Deshalb zitiert man lieber den grünen Spendenprofi Chorherr gleich nochmals. Diesmal aus einer SMS, die er zu seiner Verteidigung versandt hat. Darin betont er einmal mehr, dass die Geschichte nur deshalb in den Medien thematisiert werde, weil Wahlen vor der Tür stehen. Das hatten wir schon. Egal. Doppelt hält besser. Im Gegensatz dazu war der Zeitpunkt der Veröffentlichung des zwei Jahre alte Ibiza-Videos reiner Zufall. Und auch die ÖVP-„Skandale“, die im Wochenrhythmus vom Falter veröffentlicht und vom ORF aufgeblasen werden, haben nichts mit der anstehenden Nationalratswahl zu tun.

Zum Schluss weist der Beitragsgestalter darauf hin, dass die Staatsanwaltschaft bisher keine Hausdurchsuchung durchgeführt habe, was man als entlastend deuten könne.

Schon ist man beim nächsten Thema.
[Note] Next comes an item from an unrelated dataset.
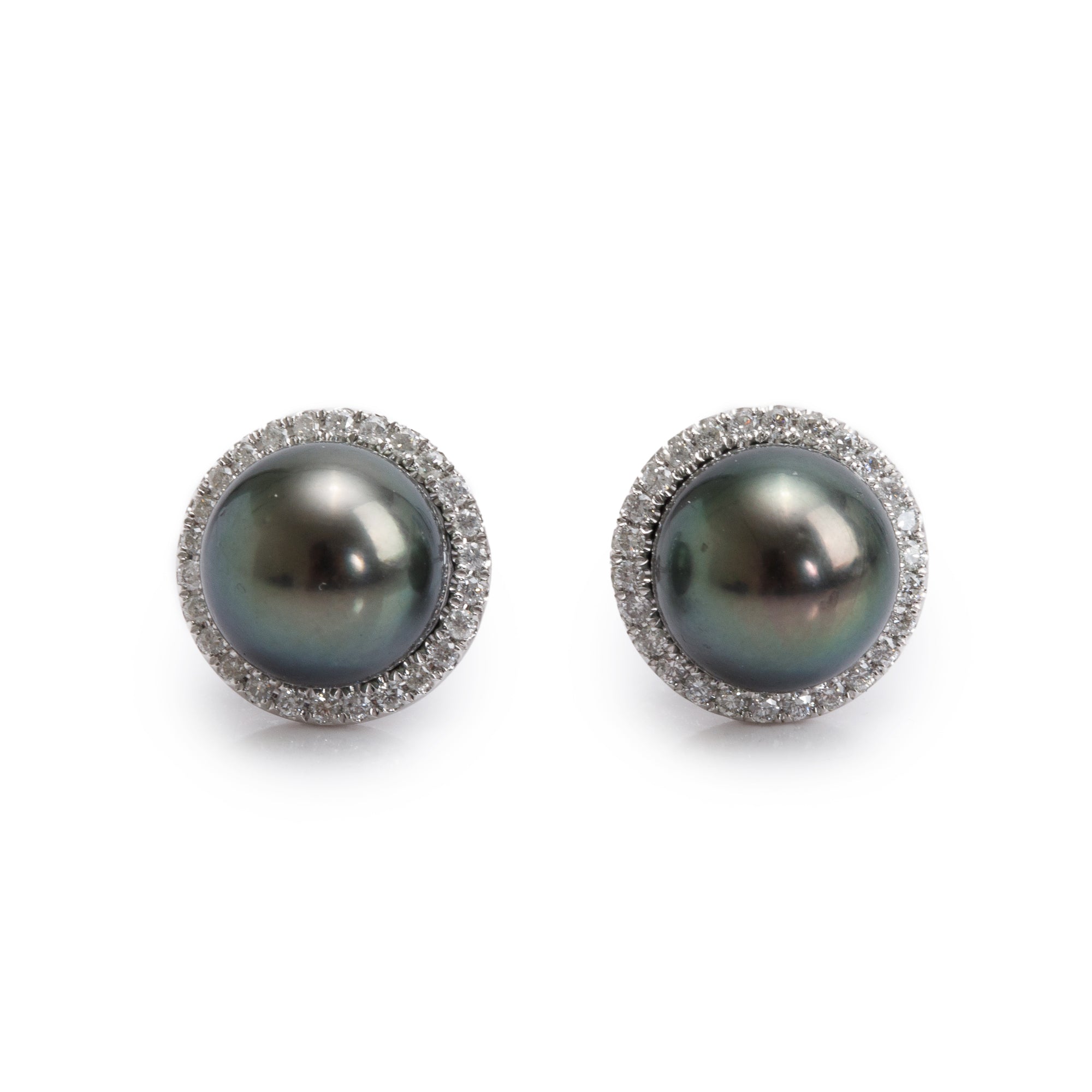 18k White Gold South Sea Pearl & Diamond Earrings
Pflicht erfüllt, Thema abgehakt. Conclusio: Eine uralte, von hinterlistigen Medien vor der Wahl aufgekochte Geschichte, die den Grünen schaden soll, obwohl, wie allgemein bekannt ist, Christoph Chorherr ein grüner Philanthrop ist. In dem Beitrag wurde nicht einmal versucht, die Causa und deren Hintergründe zu beleuchten: Wer hat welche Summen gespendet, welche Verbindungen gibt es, wer hat von Flächenumwidmungen profitiert etc. Nichts.

Müssten die Grünen die Werbung, die Sendezeit, die Propaganda und das Krisenmanagement des ORF bezahlen, sie würden das Wahlkampfkostenlimit um ein x-Faches überschreiten.
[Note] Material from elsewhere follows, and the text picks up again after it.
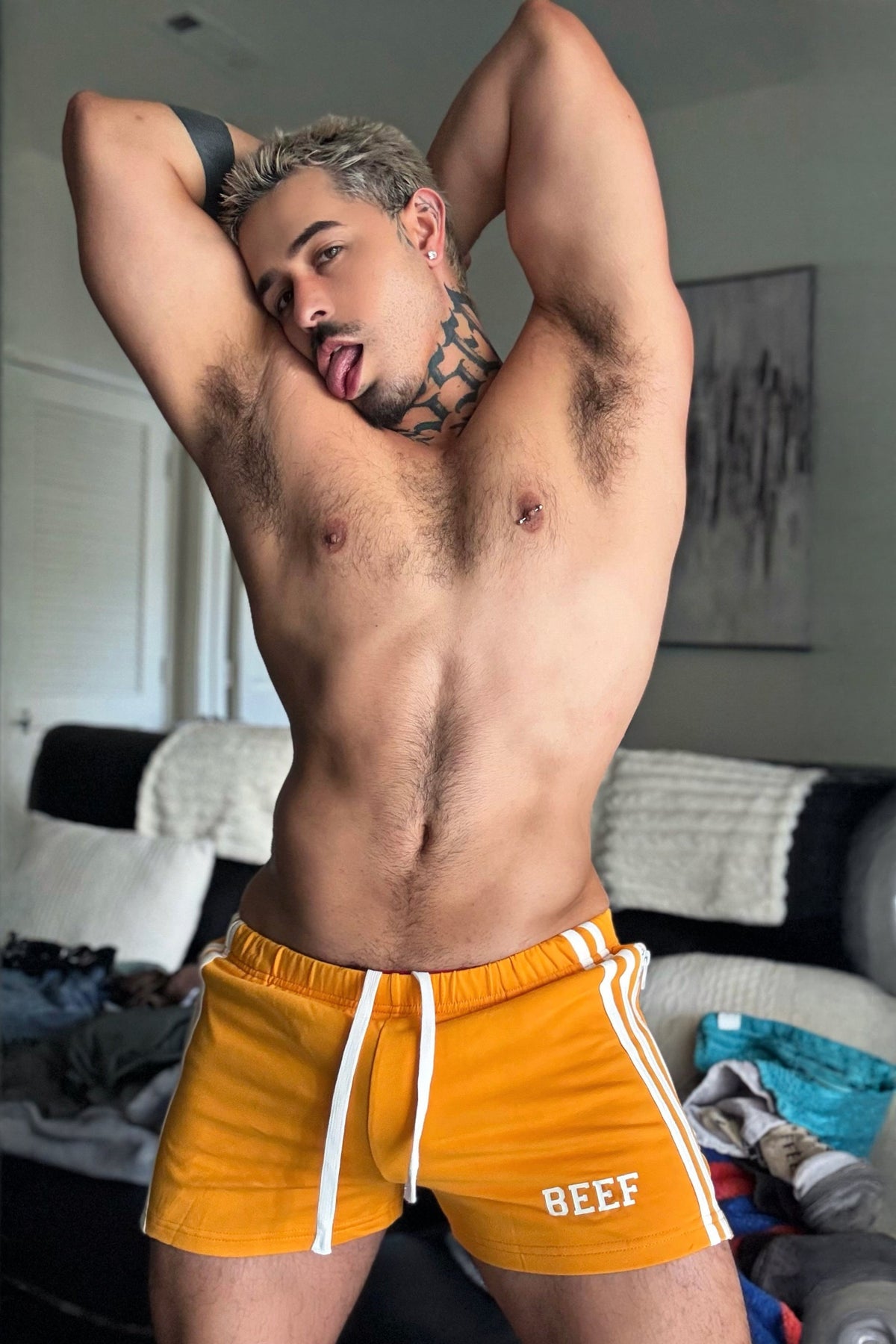 JJ Malibu Men's Varsity Boy Short Shorts - Tangerine Orange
Deutlicher kann der ORF seine Parteilichkeit, seine Nähe zu den Grünen nicht unter Beweis stellen. Während man auf der einen Seite die journalistischen Grenzen ausreizt und selbst harmlose Geschichten zu einem Skandal aufbläst – Beispiel Schredder-Affäre – arbeitet man auf der andern Seite mit allen journalistischen Tricks, um die Affären seiner linken Gesinnungsgenossen möglichst klein zu halten.

Stellt sich die Frage, ob Sebastian Kurz und die FPÖ, so sie erneut koalieren, aus der aktuellen Wahlkampfberichterstattung des ORF gelernt und daraus die richtigen Schlüsse gezogen haben. Vermutlich nicht. Sie träumen wohl noch immer davon, dass sie, wen sie nur brav und lieb genug sind, vom ORF dasselbe Rundum-Sorglospaket bekommen wie die Grünen.